Opinion polls suggest two-thirds of French farmers oppose the new constitution, in part because they oppose changes in the EU system of farm subsidies, known as the Common Agriculture Policy, which helps prop up prices and provides a wall of protectionism around French crops.

De Beaurouvre complains that the EU has turned him and his neighbors into farmer-bureaucrats who have a lawyer on retainer in Brussels to keep track of all the new farming regulations. Still, he estimates he receives 20 to 30 percent of his income from EU subsidies. "I'm for Europe, but not the Europe of the bureaucrats," he said.

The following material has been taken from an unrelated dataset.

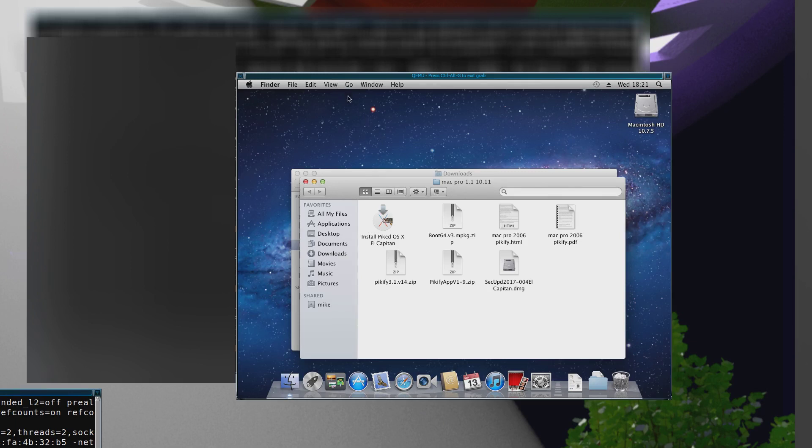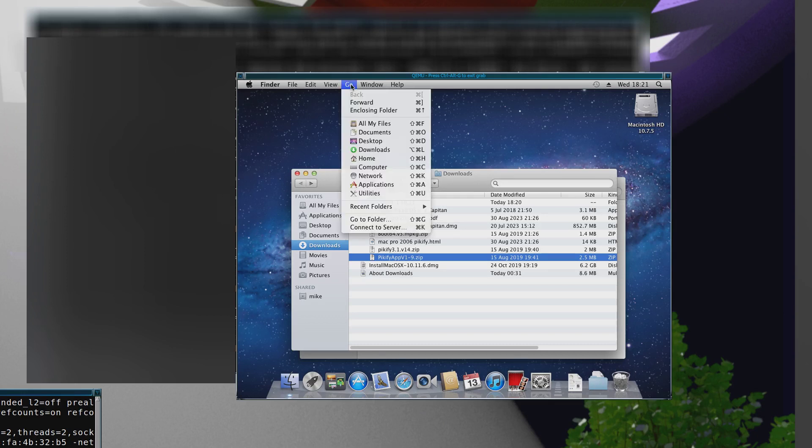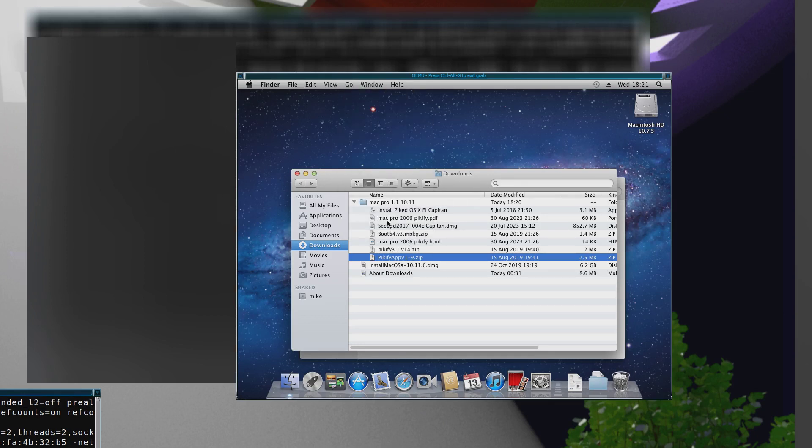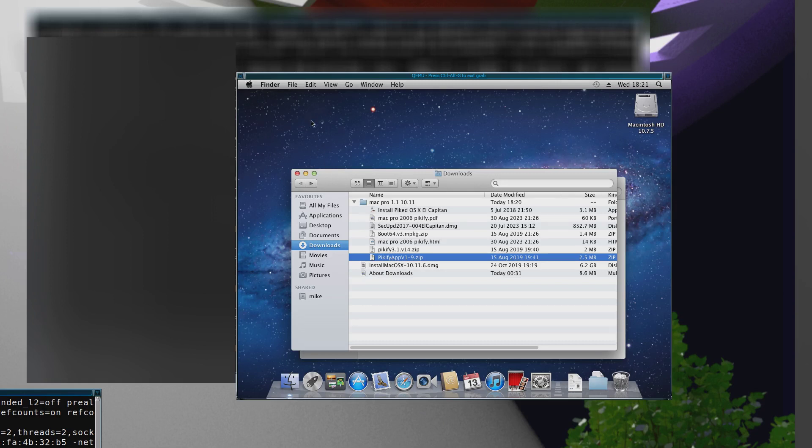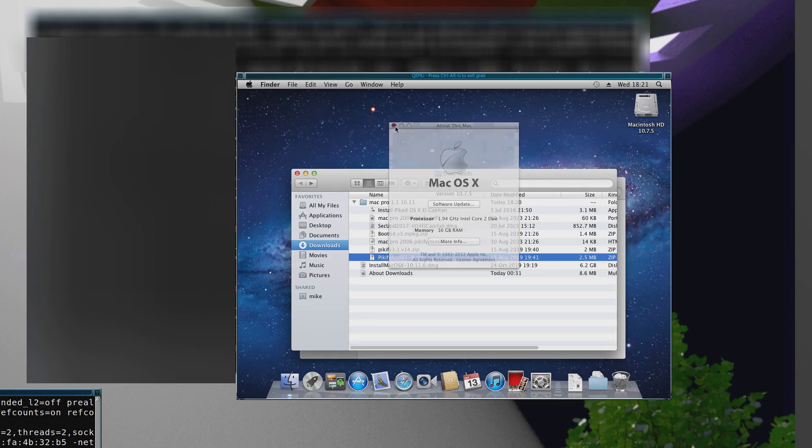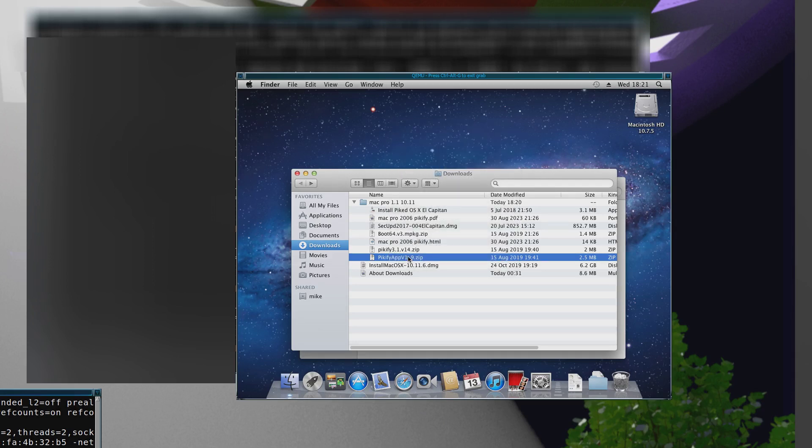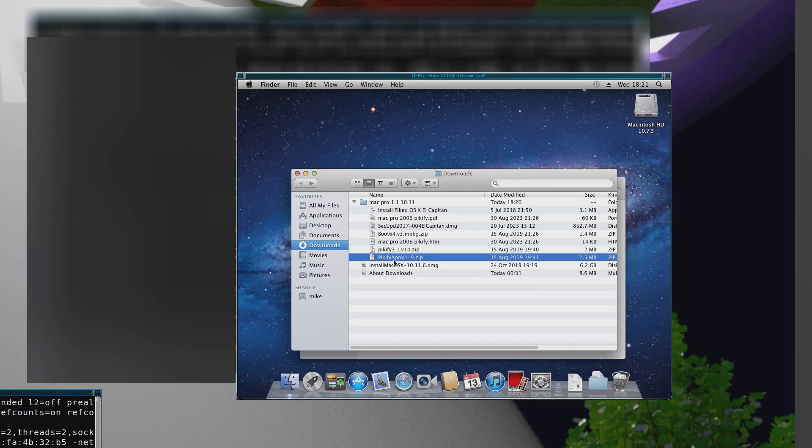This version here is a command line one. The difference is for this GUI one you need at least 12 gigs of memory installed. Because I've got 16 gigs in this virtual machine it works, but if you've got less than 12 gigs you have to use the command line one. This one's for people who've got enough memory to run this GUI version.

After a slow start, the Yes campaign has begun to rally its forces. Chirac brought in the leaders of Germany and Poland recently to lend their support. French Prime Minister Jean-Pierre Raffarin warned the economy would plummet if France voted no.

Dominique Berrehar, a country doctor based in the small village of Prunay, is conducting his own personal campaign, speaking to hundreds of patients about the new document and seeking to ease their fears. "When a person is depressed, they close in on themselves and nothing interests them and they say no to everything," Berrehar says. "So France is in a state of depression."

Guy de Vanssay, owner of a local chateau, said he plans to vote yes. "By itself, France is nothing, Germany is nothing, England is nothing," he said. "It's Europe that is something, so we have no choice but to support it."

Details of the constitution were reported by The Associated Press.